Ideally, we would like to have a villa due to the size and family friendly nature of villas moving from the US. However, I've read some horror stories on this forum on the amount of their AC/WATER bills and because I am renting I really cannot imagine allocating $1000 US for a monthly AC/WAter bill.

I know a lot of this relative to size of Garden (water sprinklers) and your personal A/C consumption, but what are people paying on average for a 3-4 bedroom villa with a small garden in your respective neighborhoods?

I also wonder whether places in Umm Suqeim (which seem generally older) are less efficient in comparison to the newer places like Jumeirah park etc.

Any indication will help in this decision. i.e. AC Paid 3 Bed in Marina vs 3-4 Bedroom (3000-4000 sq ft) villa in Jumeirah, Meadows etc.

Thanks in advance


----------



## XDoodlebugger (Jan 24, 2012)

Desert_Fever said:


> Folks,
> 
> I am moving from US to Dubai in a couple of months. I know this question has probably been asked before so if you have a specific thread that answers this question, feel free to point me to that.
> 
> ...


Can't help on the villa but a 2 bedroom in the Marina will run a bit over $200 for DEWA (5% tax on your rent is included in that bill so is actually the majority of it for me).


----------



## TallyHo (Aug 21, 2011)

No one really understands how DEWA measures usage in Dubai.
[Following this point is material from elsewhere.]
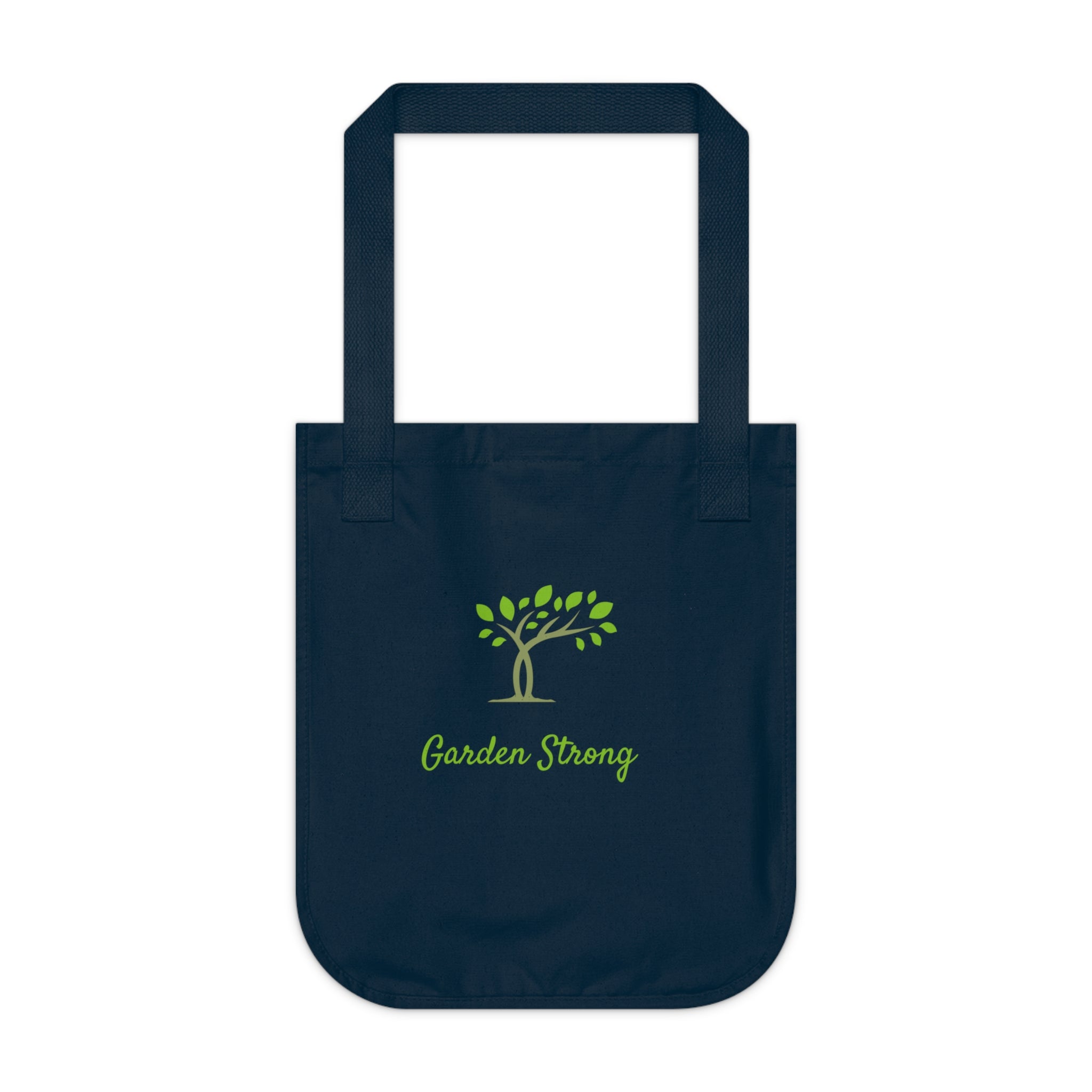 Navy blue tote bag with 'Garden Strong' and a tree design on a white background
At one point they were providing you with a bill based on estimated use, not actual use, though that was a few years ago and things may be more efficient now.

About two-three years ago a lot of people in the freehold areas (Ranches, Meadows, Springs) got slammed with enormous dewa bills during the summer months, sometimes even more than 5,000 AED. What made it worse was that neighbours with seemingly identical lifestyle habits were getting minimal dewa bills. These scenarios were never fully explained and there was speculation that DEWA was deliberately inflating bills for the freehold areas as these are lived in by expats. But I haven't heard of horror stories in the last year or so.

People who live in the older areas such as Umm Suqeim and Jumeira tend to have lower dewa bills than the freehold areas. This partly stems from that the water you use for the garden is groundwater and is not metered. As for inefficient AC systems - depends entirely on the villa. Those areas have plenty of new villas while plenty of villas in the freehold areas are already crumbling and suffering from poorly installed AC systems. 

Dewa will also vary depending on the size of your property. A big villa with echoing space, a pool, lavish gardens = big bills. Smaller compound villa, no pool or shared pool, lower bills. 

As for apartments - most apartments will be 'chiller free' meaning that the AC is internal to the building's HVAC system and as such the individual apartment usages can't be measured. The landlords all pay for the AC out of their maintenance fees, which the tenant does not pay. 

But other buildings are in what's called district cooling schemes, which is where a central cooling plant pumps AC into the apartment towers and into the individual apartments. The usage can be measured by unit. These people pay far more for their AC than those in non-district cooling schemes. 

Most of the Marina is chiller free, except for JBR, which is district cooling. The Palm is district cooling. JLT is district cooling. The Greens and Downtown are not, nor is TECOM. 

I live in a 1,450 sqft flat in the Greens. My monthly DEWA is about 700 AED in the summer and 600 in the winter, inclusive of housing tax. I have the AC on around the clock between late May - early October.

My old villa in Jumeira - the DEWA never exceeded 1,000 at the peak of the summer. Half that in the winter. Approximately 2,000 square feet. But no housing tax involved.




Desert_Fever said:


> Folks,
> 
> I am moving from US to Dubai in a couple of months. I know this question has probably been asked before so if you have a specific thread that answers this question, feel free to point me to that.
> 
> ...


----------



## Desert_Fever (Apr 13, 2013)

Excellent info and thanks for taking the time to write this in detail.


----------



## vantage (May 10, 2012)

inefficient old villa in Jumeira (single glazed, leaky doors & looks like a concrete bunker from the Maginot Line)
fully detached
3 beds
small garden

'AVERAGE" over 12 months is 24,000 AED.
This includes the 'Housing fee' of 5% rental value

Actual DEWA "average" is therefore 1,375 AED

We are pretty careful with the AC. It is an old Unit. We are probably keeping the temps around 26 degrees in the hot weather. Lower and the bills go through the roof.

The water is not the problem...!


----------



## AugustChristopher (Jul 24, 2013)

Hi TallyHo,

I have found flats in JLT (Silverene Tower) advertised "central A/C and heating free"..is that possible if JLT is district cooling?

Sorry to bother you guys with that again..Just want to make sure i get it right..Thanks.



TallyHo said:


> ...Most of the Marina is chiller free, except for JBR, which is district cooling. The Palm is district cooling. JLT is district cooling. The Greens and Downtown are not, nor is TECOM.


----------